◆ **ACTIVITY**:
The lines from the beginning of the records below through the one holding "camión embalaje entregar" are to be copied exactly; leave the pictures out.

(Caption-style text data)
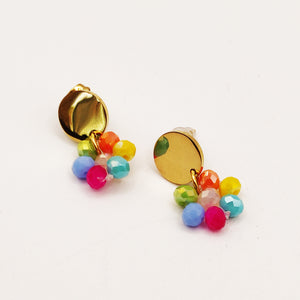 Boucles d'oreilles Fleurs en Perles d'imitation Multicolores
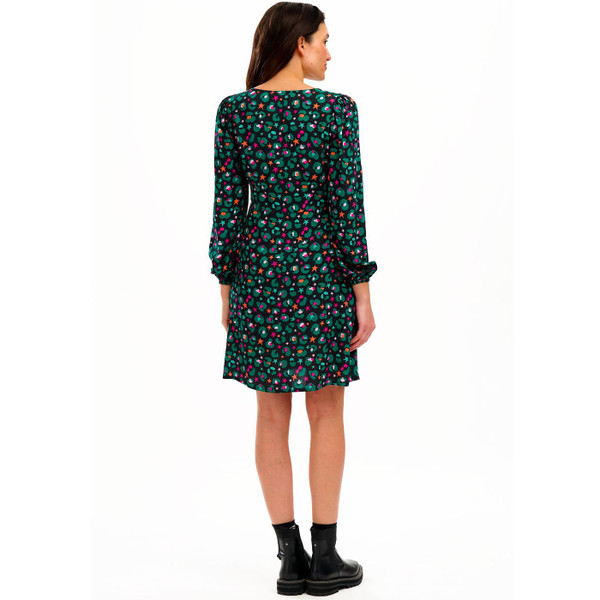 Sugarhill Brighton Natalia Leopard Star Vintage Tea Dress in Black D0969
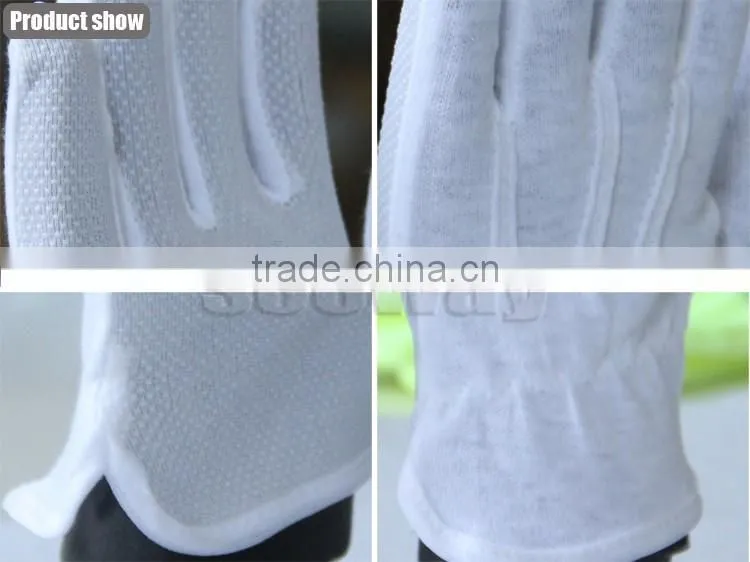 Seeway Cotton Knitted Inspectors Parade Traffic Police Work Gloves with Anti Skid White PVC Grip Dots on Palm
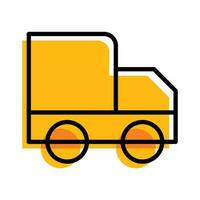 camión embalaje entregar amarillo contorno comercio electrónico icono botón vector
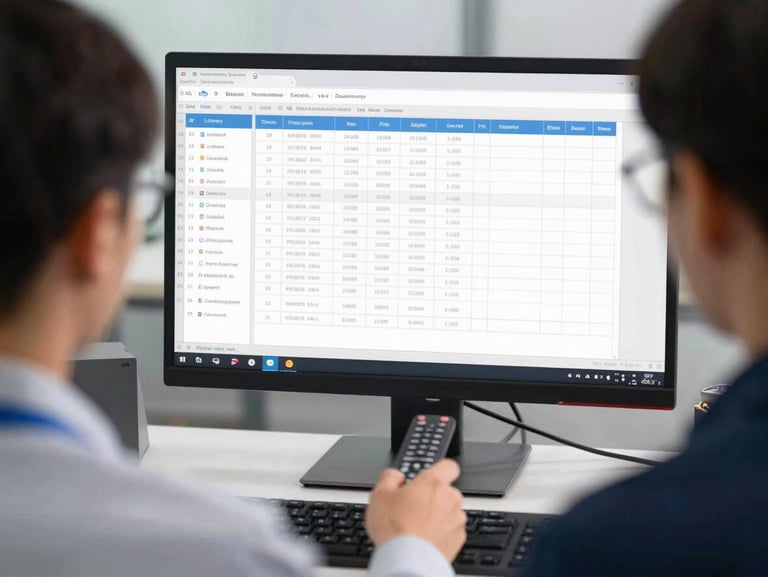 A professional remote specialist in a focused, well-lit environment, bright daylight, over-the-shoulder view looking at clean spreadsheets on a monitor.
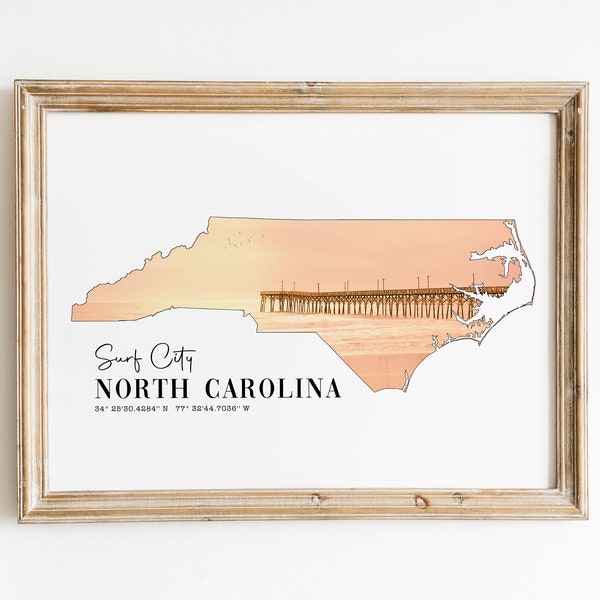 Ocean Printable Beach Art | State Map Art | Surf City Beach North Carolina Art | 5x7, 8x10, 11x14, 16x20 Art Print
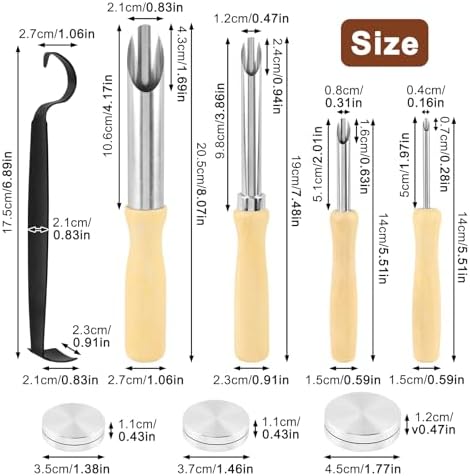 Versatile Pottery Trimming Tool Set, All-in-One Clay Sculpting Kit with Double-Ended Trimmer, 4 Pcs Hole Cutters & 3 Pcs Spinners, Stainless Steel Ceramic Tools - Image 2
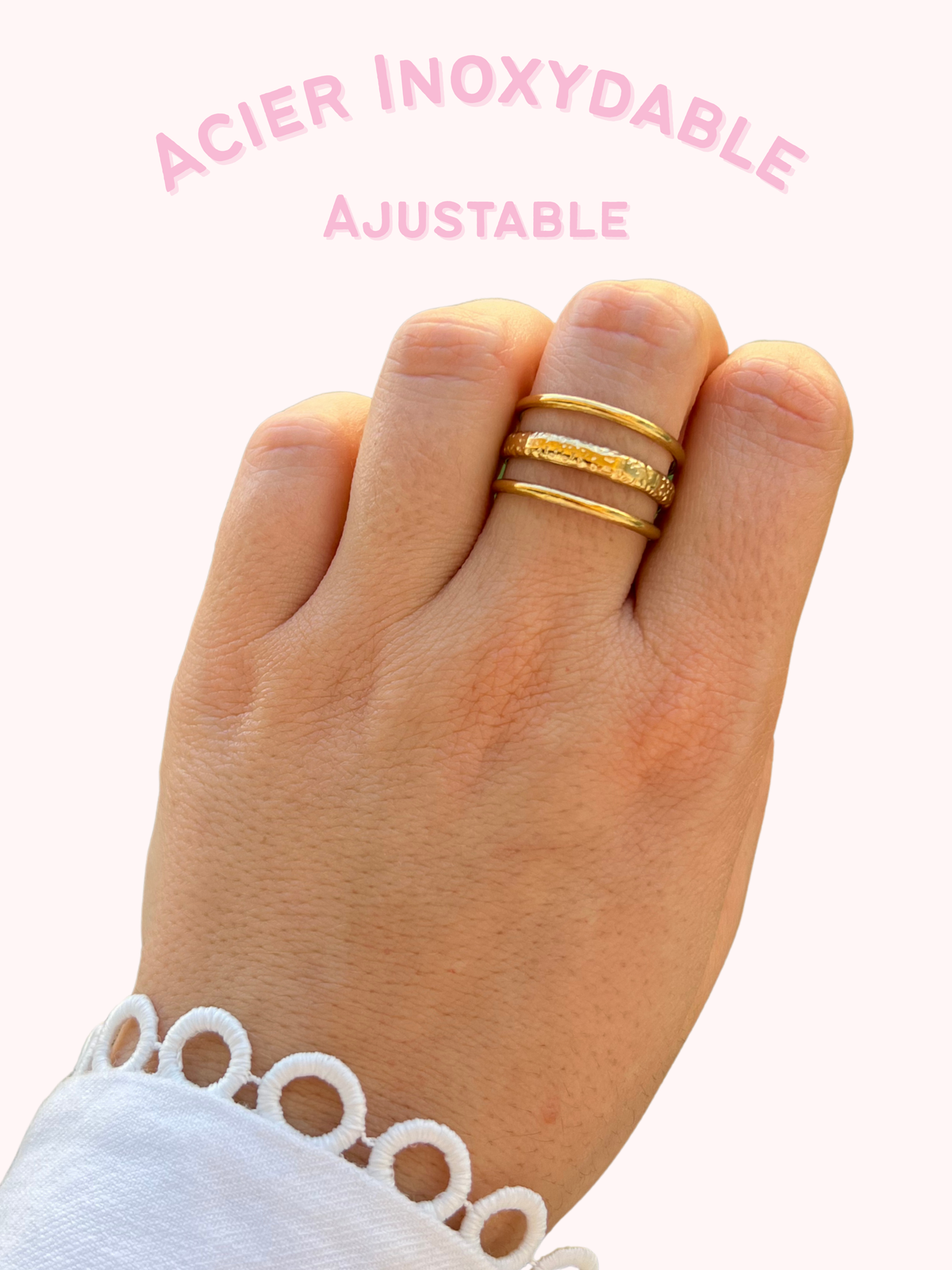 Onde – Bague Triple Anneau Fin Acier Inoxydable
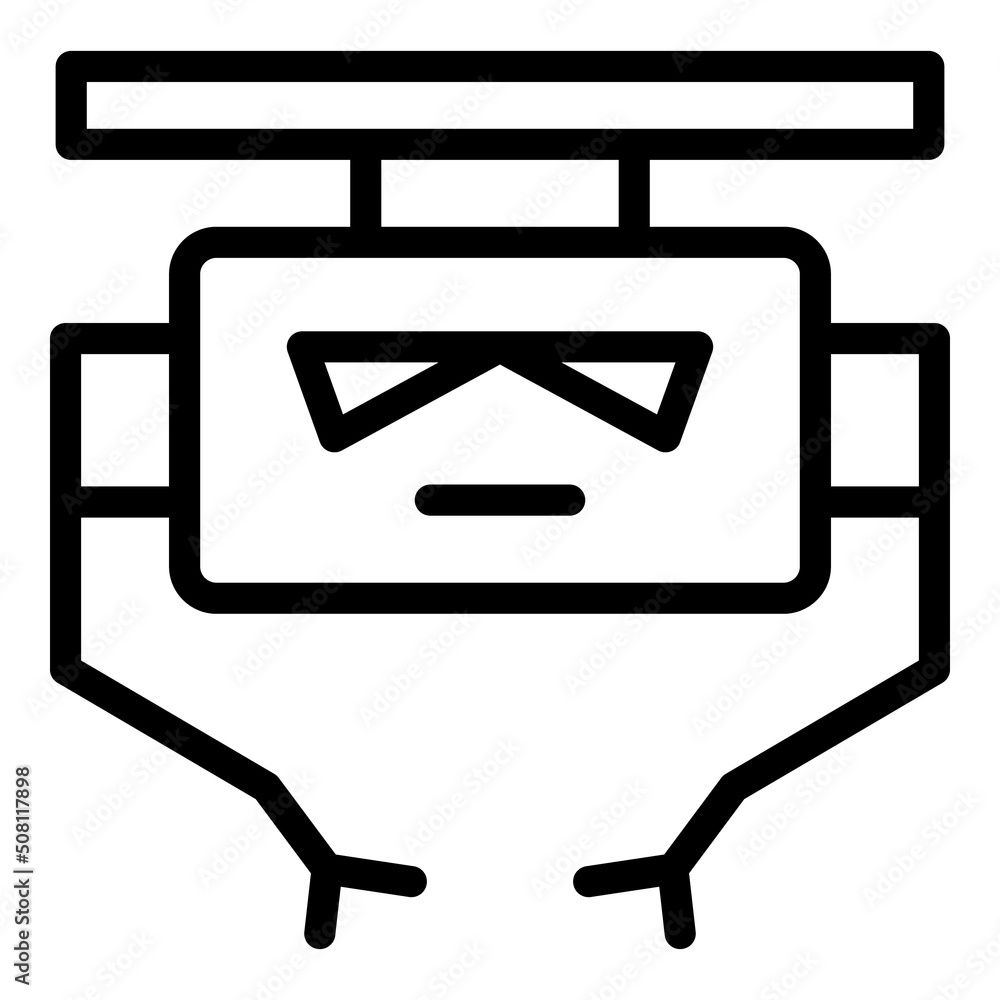 Wall mural wall robot icon outline vector. cute toy. android ai - Wall murals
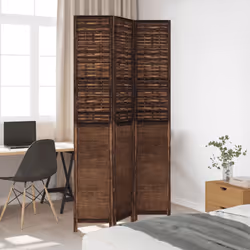 vidaXL Room Divider 5 Panels Privacy Screen Dark Brown Solid Wood Paulownia - 40 x 220 cm/ 3 piece - Additional view 2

◆ **EXERCISE RESPONSE**:
 Boucles d'oreilles Fleurs en Perles d'imitation Multicolores
 Sugarhill Brighton Natalia Leopard Star Vintage Tea Dress in Black D0969
 Seeway Cotton Knitted Inspectors Parade Traffic Police Work Gloves with Anti Skid White PVC Grip Dots on Palm
 camión embalaje entregar amarillo contorno comercio electrónico icono botón vector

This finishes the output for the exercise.